As Breitbart News reported last year, Sullivan was implicated in Hillary Clinton’s email scandal, and admitted to Congress under oath in 2017 that he had briefed reporters about his suspicions of “collusion” between Russia and the Trump campaign.
Shortly before Election Day in 2016, Sullivan issued a press statement claiming that Trump had a “secret hotline” to Russia via Alfa Bank. Subsequent investigations by U.S. authorities determined that the Alfa Bank conspiracy theory was false.

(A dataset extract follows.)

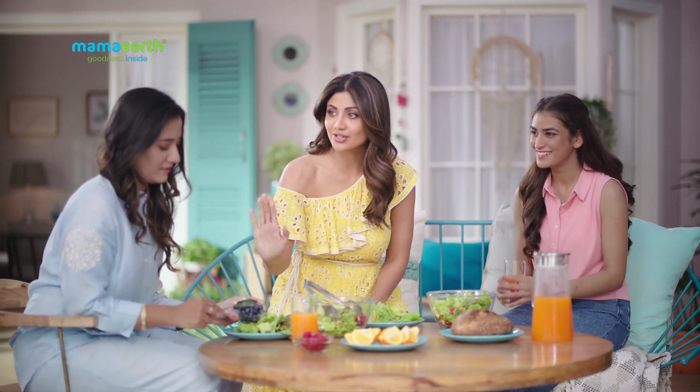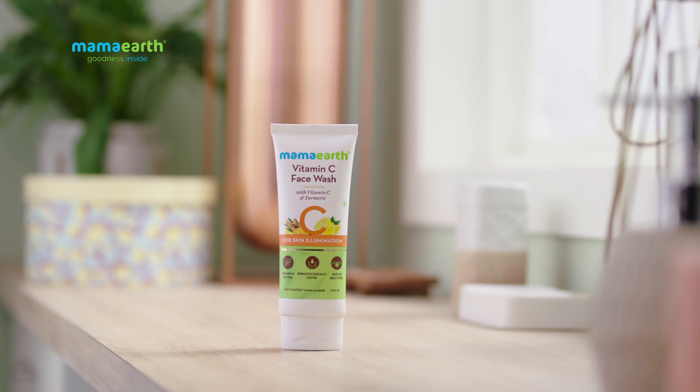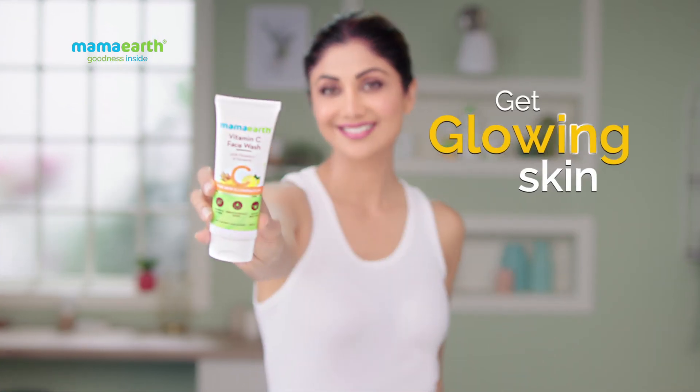And this glow? From the garden. Naturally, with Mama Earth. It's made of natural ingredients, vitamin C and haldi. Mama Earth Vitamin C Face Wash. No sulfates or toxins. This skin gives a fresh glow naturally.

Last month, Special Counsel John Durham indicted former Clinton campaign lawyer Michael Sussman for allegedly lying to the FBI by covering up his ties to the Clinton campaign when he fed information to the FBI about the Alfa Bank allegations.
But Sullivan told Congress he did not know about the origins of the Alfa Bank conspiracy theory, and that he did not know that Clinton campaign lawyer Marc Elias, who paid for Fusion GPS to develop the false Russia “dossier,” were working for the campaign.
That, wrote legal scholar Jonathan Turley, raises the possibility of perjury.
Sullivan last addressed the White House press briefing in August. Despite new revelations about his role in the Russia hoax, which make him a “possible target” of Durham’s inquiry, according to Turley, Sullivan was not asked about the issue at all.